Saturday, May 07, 2005

left behind

Goodbye can be hard, especially when it carries the air of finality, and i thought this was going to be tough.


The rings were made by a craftswoman in Port Townsend, Washington back in 1990 or 1991 (I believe her name was Kathy Jenks). Amy had accompanied me on a business trip to Seattle and we went to the Olympic Penninsula after the business (a trade show) ended. I had been to Port Townsend before, knew it to be quaint and romantic, and looked forward to being there with Amy.

We admired a ring in a little jewelry shop, and unknown to me, she circled back and ordered two of them to be made. A combination of gold and silver, handcrafted, with little etchings of sea birds, they became our wedding rings.

As many of you know, Amy and my marriage was never a strong one, and ended in divorce last year. For me, the divorce came quickly on the heels of two emotional setbacks, the loss of my job/career in the bust, and the passing of my mother. The breakup of the marriage and family was difficult, i was already hurting, and it knocked me down emotionally for quite awhile.

But night turns to day and, if we're paying attention, healing occurs. Suffering *can* lead to grace, family and friends lend love and support, people enter our lives and show us that true love really is possible (!!), and we emerge stronger. And while the pain and disappointment of past events remains, over time the hurt comes less often and doesn't reach as deeply.

I brought my wedding ring with me to india, knowing that somewhere along the way I would find the proper place to leave it behind, representing to me some kind of symbolic end of the marriage. Although the marriage officially ended in court last year, to me the rings transcended the legalities, and as long as i had the ring in my possession i felt there was still some unfinished "closure" business to be done.

So the ring has been on my mind. I first thought about droping it in the Ganges at Varanasi, but the water was too dirty. I also thought about leaving it somewhere along the trek into the Nepal Himalaya, but just did not find a place or time that seemed right.

Today I woke early and after puja at the Buddhist temple, walked up the ridge to the peaceful little town of Bhagsunag. It is a place I've frequently gone to while in Dharamshala, far from the "scene" it is very quiet and beautiful. Many people go there to practice yoga.

There's a waterfall in the hills above Bhagsunag and I went to the water this morning with the intention of throwing the ring into the deep pool that's been formed at the bottom of the water's highest fall.

It was a long hot uphill walk, and it was heavy with purpose. For two years I'd wondered what to do with the ring, not having done anything because nothing seemed right. I knew this morning the time had come. I no longer wanted the ring in my possession. For much of the walk i was lost in thoughts/memories.

After arriving at the waterfall's pool, i sat on a rock and, after reflection, pulled the ring from my pocket. but i decided the water was too turbulent, there was too much "crash" and noise . . . so i put the ring back and hiked further downstream. (I had worn this ring for a long time, it symbolized people and events that had been very dear and significant, and i wanted to find the best place for it to rest.)

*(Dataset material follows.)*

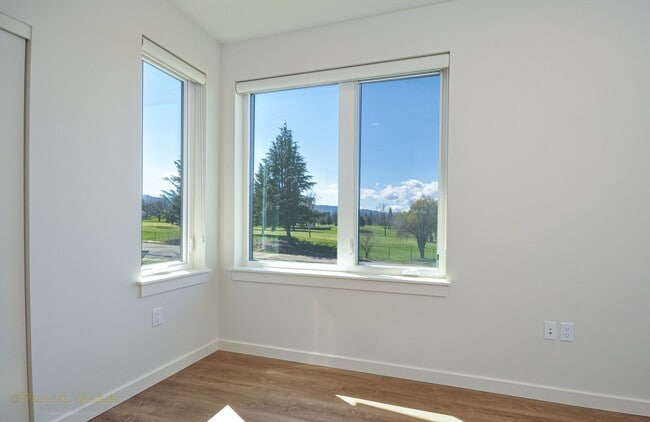 Building Photo - 1534 Myers Ln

Before long I came upon a calm pool of water, with water both flowing in over a rock ledge and then down and out through some crevices . . . it was a calm, clear, serene pool with just a little bit of water movement, the sun glistened in its gentle ripples . . . it looked and felt right. I kneeled over and removed a few submerged rocks from along the edge of the pool, pulled the ring from my pocket, gave it a little kiss, and placed it in the water. I then replaced the rocks around it, got up and walked away.

I thought this was going to be some kind of very emotional "goodbye" but truth is it was simple and easy and just felt good. There was no "heavy" attached to it. I guess sometimes the things we imagine will be hopelessly difficult happen easily because the time is right.

I don't know what's happened to the other ring, the one in Amy's possession . . . but there's something cleansing in the knowledge that my half of our pair of wedding rings -- forged in a little town on the Olympic Penninsula, symbolizing dreams that just weren't to be -- has been securely tucked away at the bottom of a cold running stream in the spectacularly beautiful Himalaya of northern India.

I think when I am home and remember that ring, my thoughts will, for the first time in a long while, be accompanied by the beginnings of a smile.